Work required: Find the line below with "Trusted Brand Exhaust" and the line with "Guillermo del Toro's Pinocchio". Output them and the lines between, exactly, but not the pictures.

Provided records:
-------

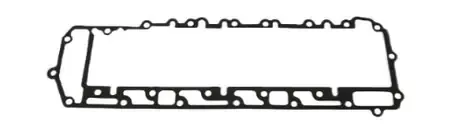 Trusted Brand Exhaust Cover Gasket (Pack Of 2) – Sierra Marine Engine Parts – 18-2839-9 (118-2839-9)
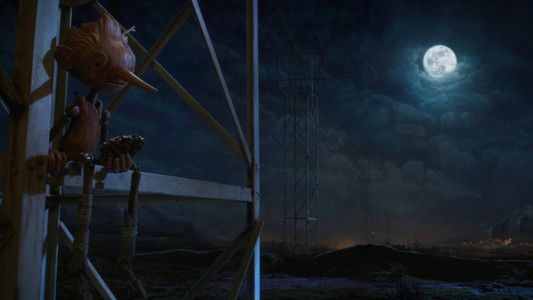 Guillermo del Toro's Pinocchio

-------

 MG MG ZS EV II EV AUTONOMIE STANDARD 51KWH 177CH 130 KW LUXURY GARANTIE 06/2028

-------

The answer:
 Trusted Brand Exhaust Cover Gasket (Pack Of 2) – Sierra Marine Engine Parts – 18-2839-9 (118-2839-9)
 Guillermo del Toro's Pinocchio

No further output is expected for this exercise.